You’ll see exits for I440 North and I440 South. Which do you take?
You have to look at the map and you discover 440 doesn’t run true North or South. It’s sort of slanted in that general direction. Now, Try doing that with the map in your lap, driving 70mph.
It’s a PITA. I always try to makes notes for my trips. Which direction are my roads are going. So I know the right exit to use.
I was a bit harsh in my criticsm; I don’t mean to diss folks who really don’t have a good innate sense of direction…you can’t help that. I was referring to folks who are willfully ignorant of geography/navigation. Actually, I don’t know…I think I’m just lamenting the lost sense of importance given to geography, and am a bit frustrated by it.
I also agree with Aceplace57, the n/s highway/exit stuff is a PITA, because it doesn’t always square with the actual direction. I think they should just stick to hwy#/next major town or area format on exit signs.
I voted yes, always, but that’s slightly misleading. I make a practice of keeping track of the points of the compass, and if I happen to realize that I don’t know it in a given location, I try to immediately rectify that. But I have to find a known point first and it takes a moment or seventeen.

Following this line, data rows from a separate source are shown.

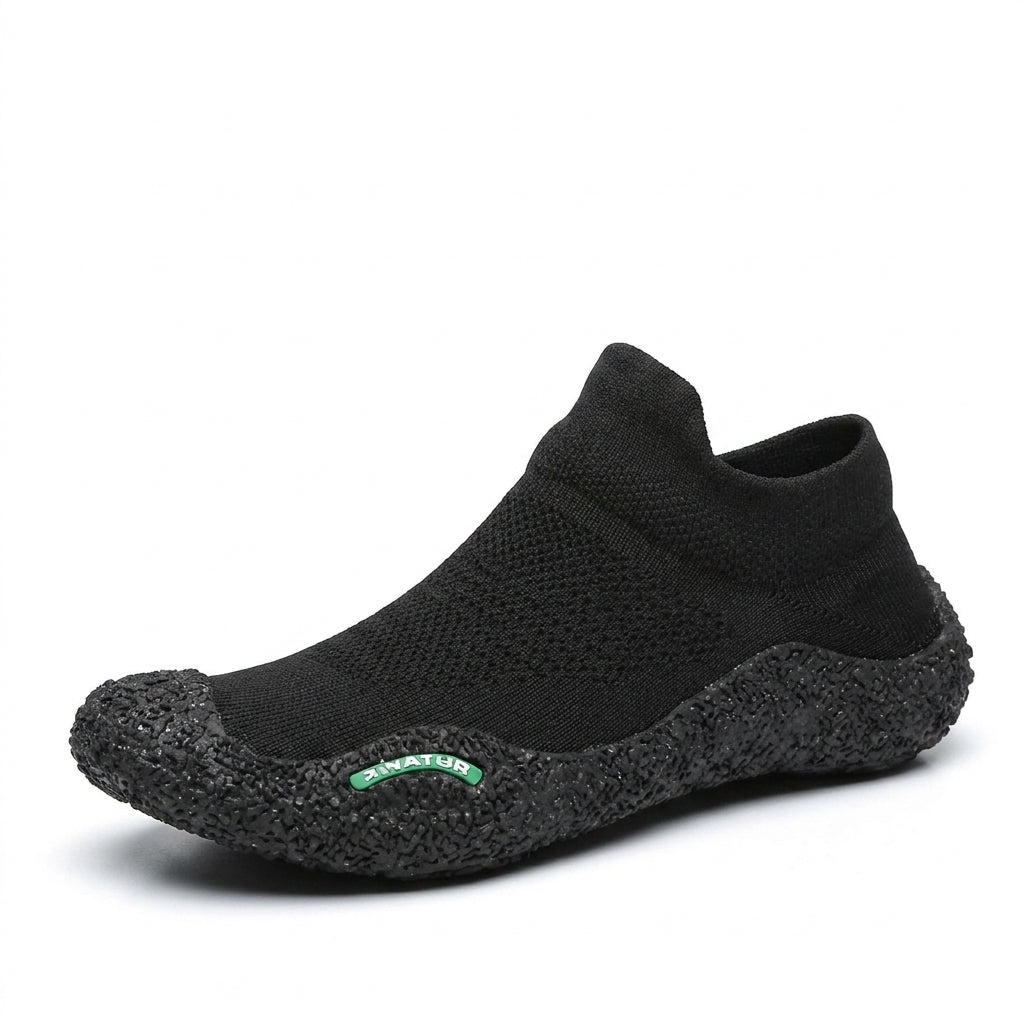 Barefoot Sock Shoes – Ultra-Flexible Minimalist Slip-On for Gym, Yoga & Daily Comfort – Black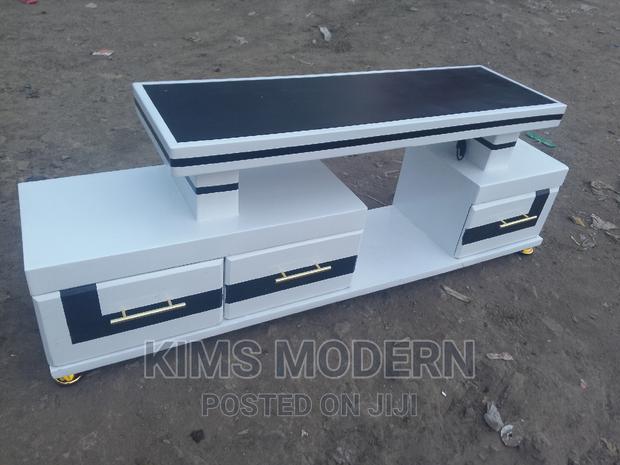 Tv Stands, Modern Tv Stand 5 Feet With Led Lights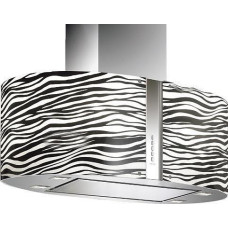 Островная вытяжка Falmec Mirabilia Isola 65 Zebra vetro 800 ECP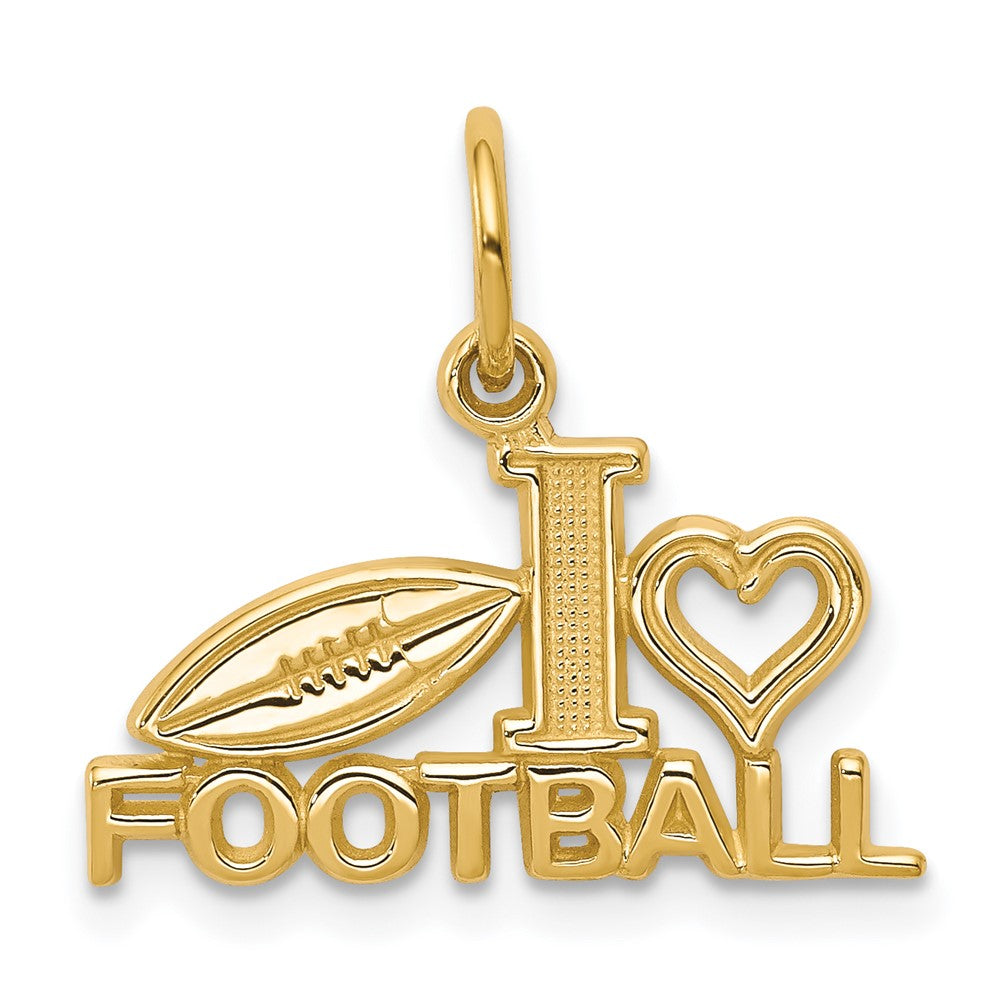 10K Football Charm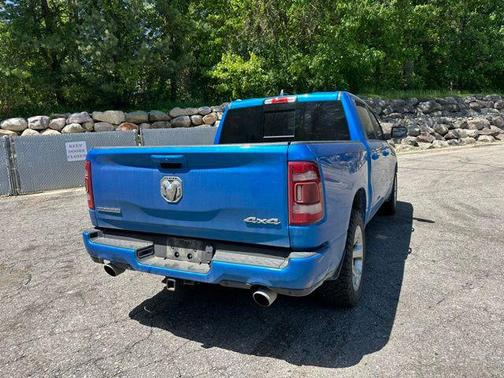 Hydro Blue Pearlcoat 2021 RAM 1500 Big Horn/Lone Star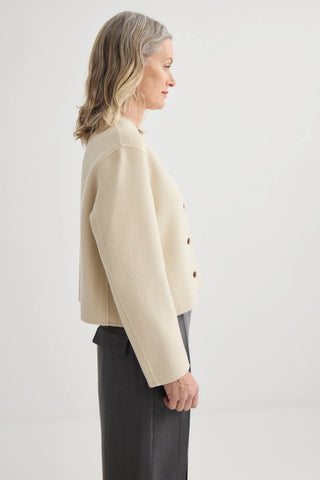 Cardi Jacket - Ivory| Laing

Of the Rhymer siblings, my baby sister and older brother both possess slightly freakish talent in that area. Baby Sister in particular seems to know the points of the compass either intuitively or can orient herself so quickly it seems instantaneous to everyone but her. Our elder brother isn’t as fast as she is, but he’s much faster than me.
Sure. West is toward the beach–4 hours away–east is away from the beach! I’m usually better at compass directions than left and right, which easily confuse me (I often have to look at my hands, figure out which one I write with, and go from there).
I get lost in really unfamiliar places, and I’m pretty much always lost in Sacramento, but otherwise it’s all about the compass points.
Oh yeah, I’m a lifelong California girl, if you need that data point.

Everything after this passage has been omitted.